What a story ! What controversy! Let’s start at the beginning: the bottom. The slogan of Sciences Po students is clear: they are mobilizing to protest against, in their words, “the ongoing genocide in Gaza”. We can disagree with the use of this word, we can consider that it lacks caution, or even that it is shocking. But I remind you that this is the term used by several international organizations, and not the least important ones. On January 26, the International Court of Justice recognized a “risk of genocide” in Gaza. The UN special rapporteur for the Palestinian territories released a report on March 25 entitled “Anatomy of a genocide”. It is therefore difficult to see how we could deny the right to Sciences Po students to use this same word.

Some also perceived anti-Semitic connotations in this mobilization. But without any specific writing, words or slogans being able to be reported. All we have is one image: students holding up their red-painted hands. A sign in which some wanted to see a reference to the lynching of two Israeli reservists in Ramallah, on October 12, 2000, during which a Palestinian victoriously raised his bloodstained hands. The similarity can be disturbing… if we forget that brandishing hands painted red is a symbol commonly used to denounce a massacre. On April 23, this sign was also used… in Tel Aviv, in a demonstration of support for Israeli hostages held by Hamas!

“If the only thing that we can fundamentally criticize Sciences Po students for is their hands painted red, perhaps we should have shown a little more caution before bringing charges against them an accusation as serious as that of anti-Semitism, especially at a time when authentic anti-Semitic acts are on the rise.”

Clement Viktorovich

on franceinfo

However, in formal terms, the occupation of a university or high school is illegal. This is an attack on the freedom to study. This mobilization is initiated by a minority of students, who are breaking the rules of the establishment… in the same way as all blocking operations in universities!
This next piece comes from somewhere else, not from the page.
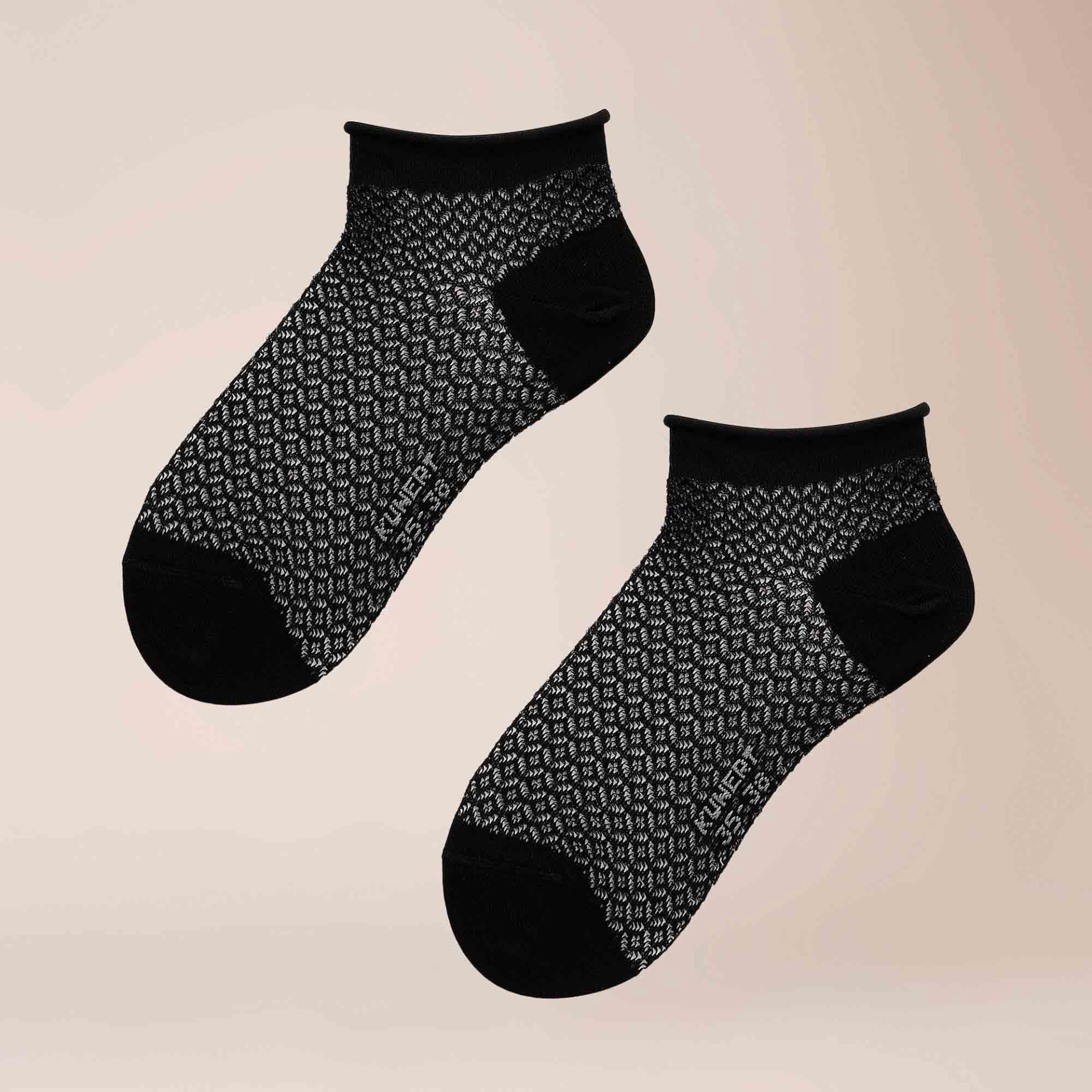 KUNERT Sneakersocken »Sneaker Ajour Essential«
I still remind you that not a year goes by without universities in France being occupied for one reason or another. Here too, we can deplore it, believing that nothing justifies breaking the legality. On the contrary, we can be delighted that students are getting involved in making their voices heard. But why would the blocking of an establishment suddenly become so shocking… when, until now, the student mobilizations have not, it seems to me, provoked such condemnations?

Disfavored treatment

Pro-Palestinian voices are the subject of disfavoring treatment, even a disinformation campaign. Because, all the same, we must repeat what has been said for ten days about Sciences Po. Prime Minister Gabriel Attal spoke of a “active and dangerous minority”. Sarah El Haïry, Minister Delegate for Youth, claimed that Sciences Po had been “sacked”and even “set to fire and blood”. And that’s not all: François-Xavier Bellamy, head of the LR list in the European elections, castigated “an entryism, a mixture of leftism and Islamism, which legitimizes anti-Semitic remarks”. Valérie Pécresse, president of the Île-de-France region, announced that she would suspend subsidies from Sciences Po. She believes that the security of the school is threatened by “a minority of radicalized people calling for anti-Semitic hatred”. Éric Ciotti, the president of the Republicans, considers that the management of Sciences Po “gives the go-ahead to anti-Semitic demands.”

As if reality no longer matters! Politics is no longer based on the facts, as it is possible to establish them, but on what everyone has decided to say about them. This, in my opinion, is the terrible observation of which Sciences Po has today become the symbol.